Technically, schools substitute objective standards and extrinsic rewards (gold stars at six, scholarships at 16 with bribes and perks like grades and tracks and memberships in between). When you are most rewarded for doing what others want and your own desires are ignored, passion weakens and obedience is reinforced.
Then you need a coach to help you do what you want to do. Actually, your coach could be considered remedial passion work. I prefer to think of it as an exercise in liberation.
That’s why the Enneagram is so helpful. When you have tried, with varying degrees of success to tamp down your own passion, it is helpful to understand what your deepest silenced aspirations are.

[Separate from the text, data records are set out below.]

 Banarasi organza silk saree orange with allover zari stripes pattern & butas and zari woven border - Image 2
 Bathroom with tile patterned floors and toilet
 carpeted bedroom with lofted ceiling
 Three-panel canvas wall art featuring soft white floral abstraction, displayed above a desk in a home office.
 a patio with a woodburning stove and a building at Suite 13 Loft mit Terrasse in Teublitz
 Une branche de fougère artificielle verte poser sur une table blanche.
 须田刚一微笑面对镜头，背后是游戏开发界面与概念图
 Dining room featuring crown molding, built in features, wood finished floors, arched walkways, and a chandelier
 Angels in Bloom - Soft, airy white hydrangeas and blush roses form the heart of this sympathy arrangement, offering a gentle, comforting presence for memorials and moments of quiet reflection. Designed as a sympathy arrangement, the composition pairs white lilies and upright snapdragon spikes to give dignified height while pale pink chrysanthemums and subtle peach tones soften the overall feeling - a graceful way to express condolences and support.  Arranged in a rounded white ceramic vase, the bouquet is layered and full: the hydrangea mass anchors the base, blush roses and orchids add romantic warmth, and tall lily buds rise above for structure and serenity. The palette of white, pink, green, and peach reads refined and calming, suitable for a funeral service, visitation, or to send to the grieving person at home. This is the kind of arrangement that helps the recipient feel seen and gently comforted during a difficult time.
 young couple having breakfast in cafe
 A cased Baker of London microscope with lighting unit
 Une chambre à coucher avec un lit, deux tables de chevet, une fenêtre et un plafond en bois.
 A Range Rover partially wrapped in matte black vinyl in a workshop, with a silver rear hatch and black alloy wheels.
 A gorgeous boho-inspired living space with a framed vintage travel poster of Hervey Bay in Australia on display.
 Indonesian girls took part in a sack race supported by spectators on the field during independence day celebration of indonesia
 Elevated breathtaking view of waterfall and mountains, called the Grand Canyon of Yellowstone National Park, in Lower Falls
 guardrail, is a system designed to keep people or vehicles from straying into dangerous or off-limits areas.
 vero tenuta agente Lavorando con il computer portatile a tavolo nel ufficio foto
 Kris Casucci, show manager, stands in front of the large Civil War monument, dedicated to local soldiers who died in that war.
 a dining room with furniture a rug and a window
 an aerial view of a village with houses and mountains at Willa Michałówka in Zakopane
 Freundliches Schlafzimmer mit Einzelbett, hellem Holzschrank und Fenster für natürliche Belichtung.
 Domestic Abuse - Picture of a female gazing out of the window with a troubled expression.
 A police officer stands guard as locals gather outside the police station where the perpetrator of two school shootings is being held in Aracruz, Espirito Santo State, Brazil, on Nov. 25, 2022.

That’s why “motivational” speakers are Robbins, Ziegler and their ilk are not motivational: they are inspirational. Motivation is directional – this but not that – inspiration is more like verbal adrenaline. It can even be used against you – more energy to do what you don’t want. Just keep working harder and you will succeed. I think I’ll position myself as a laziness coach: stop working so hard for extrinsic rewards.
Got motivation?
Motivation is a sinister word, rooted in personal and corporate duplicity. Managers ask, “How can I motivate my employees?” and mothers ask the same thing about recalcitrant students. The worst way to “look for” motivation is to go looking for it. “I can’t find my motivation” is a recurring talking point we use to lie to ourselves.
The correct translation of “looking for motivation” that will solve a lot of problems is “I don’t want to.” The mother/manager does not only want the employee/child to do the work. They want them to WANT TO. Just learning to read is not enough; teachers, parents and persons of interest all want the child to take some kind of pleasure in reading. The urchin must want to read when no one is looking. Managers have a gut instinct that employees who hate what they are doing well are still a problem.
So instead of saying to yourself or others, “Find motivation,” try honest emotional anglo-saxon words. “I can’t seem to find a way to like what I don’t like.”
The first time I told a style Nine (who couldn’t “find motivation),” he quit his job the next week. Reality is on our side.
So the next time a manager says, “How do I motivate my workers,” ask her if the job is one they like, and what do they possibly not like that is within your control.
“Like” is an emotionally rich, short honest word. “Motivation” is an abstraction and inherently duplicitous. I could write more on this but I don’t want to.
Coaching is counter-cultural
Coaching, even though the term is hallowed by association with sports, is not the cultural norm. The American popular ideal is the rugged individual who goes alone into the wilderness, into the stock market, invents something and ends up as the focal point of attention. Steve Jobs is the latest example, but Warren Buffet, Bill Gates, and of course the whole Ayn Rand pathology of the strong selfish individual creating jobs for the unenlightened multitudes are our unconscious preference. It starts in school. The teacher looks at your paper with suspicion and asks the fateful question, “Is this your work or did you get help?” If you had help (however that is defined) you are villainous. If it weren’t for sports and we had to use a term like assistant or buddy or companion or advisor for what we do, we’d all starve. Even mentor is usually reserved for a beginner learning from a teacher, not getting help from a peer or someone who is supposed to know more (not different, more) than he or she does. The real man or the woman who aspires to the things that real men accomplish don’t need a coach. And when we are rich, we use the term “independently” wealthy. Cultural myths like rugged individualism have to be raised into the light of consciousness — they do less harm there.